We seek to improve the investment decisions of investors who talk to us relative to those who don't.
- The absolute return investment philosophy makes sense while the relative return investment philosophy does not.
- Active risk management is the key to "absolute returns" (i.e. long-term positive compounding of capital) and therefore the key discipline in investment management.
- Large losses kill the rate at which capital compounds and are not good for one's financial and mental health. All investors are loss averse, not risk averse.
- Active risk management is a craft, neither a science nor an art. The first principle of risk management is "learning by doing," i.e. experience matters.
- Most of the risk management literature is about risk measurement, rather than risk management. Risk management is about responsibility, not models.
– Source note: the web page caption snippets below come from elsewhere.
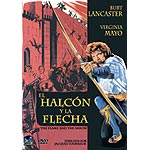 El halcón y la flecha
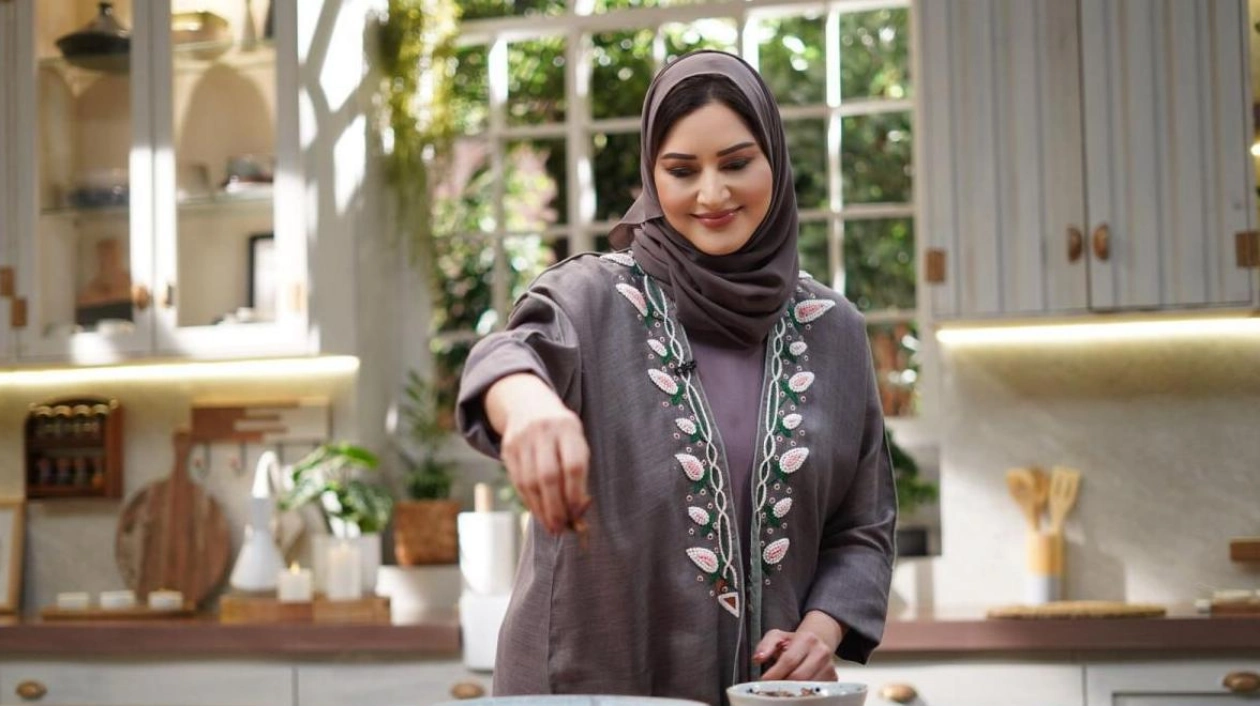 Sumaya Obaid: Culinary Innovator and Proud Emirati Chef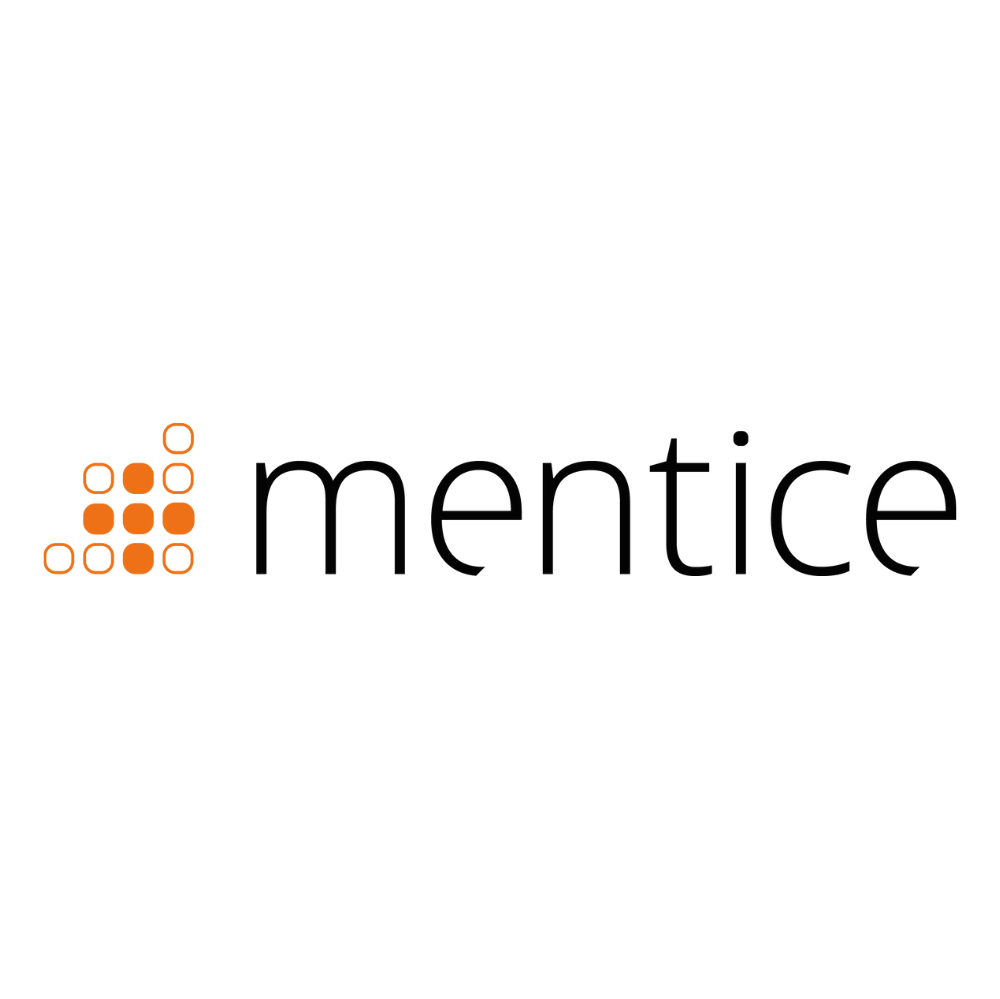 Mentice logo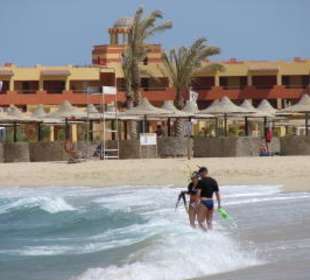 Strand von Abu Dabab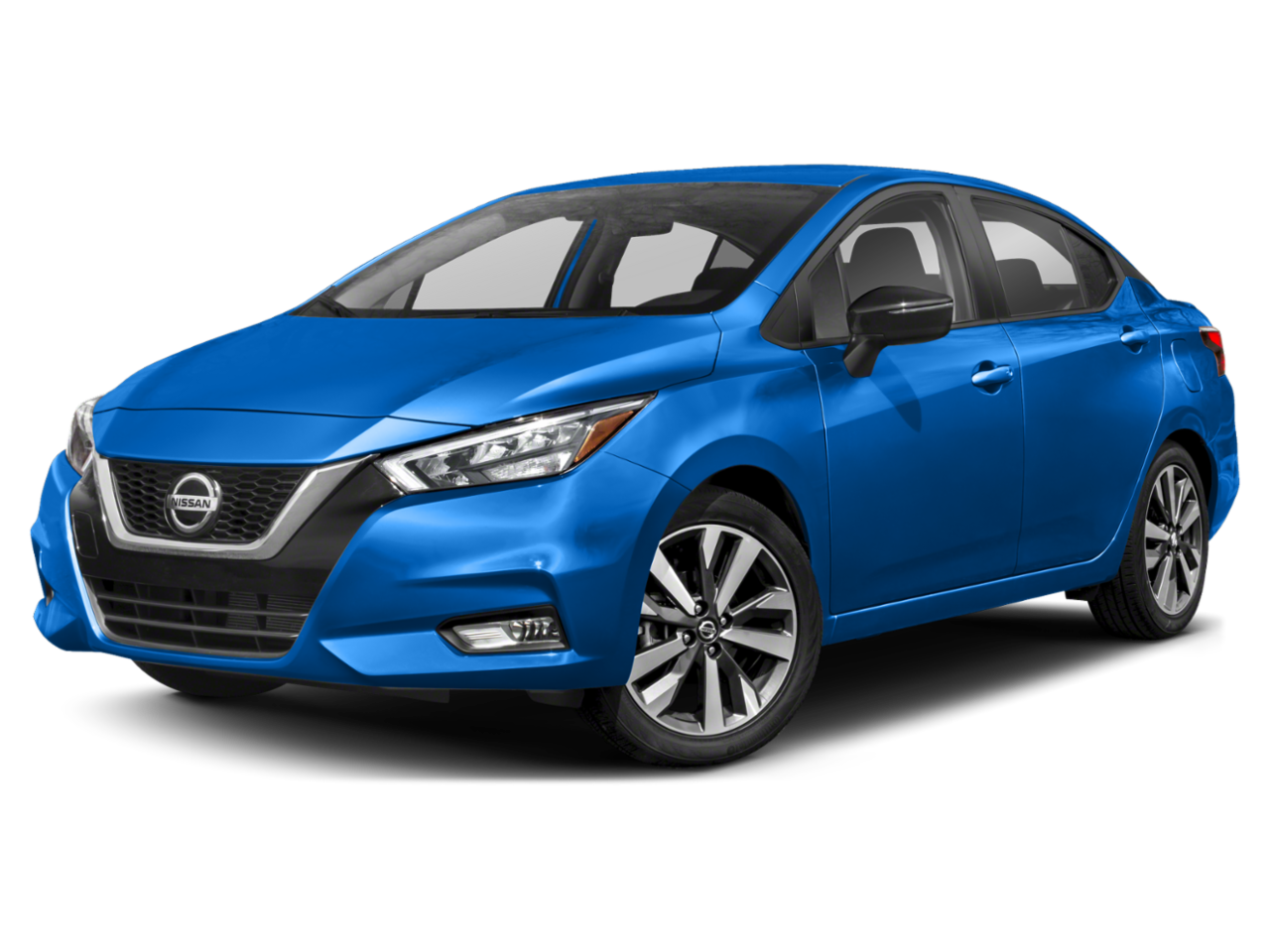 New 2022 Nissan Versa SR CVT at Kona Nissan near Kailua Kona, HI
- Most of the risk management literature is focused on risk and volatility, rather than uncertainty. Investors need to get compensated for bearing uncertainty.
- Active risk management and continuous investment success is difficult. We are sceptical of all the academic research suggesting otherwise.
- Markets might or might not be forecastable; active risk management is doable and worthwhile in any case.
- Many axioms in economics and finance (rational expectations, efficient and complete markets, etc.) are wrong and expensive to investors and the system alike.
- Knowledge, understanding, insight, perspective, and, ideally, applied wisdom improves the quality of investment decisions; more granular data does not.
- When it comes to understanding, most of the detail simply does not matter. Common sense trumps minutia.
- Yes, the devil is in the detail. But if you get the big picture wrong, you need not worry about detail.
- Leonardo da Vinci hit the proverbial nail on its head: "Simplicity is the ultimate sophistication."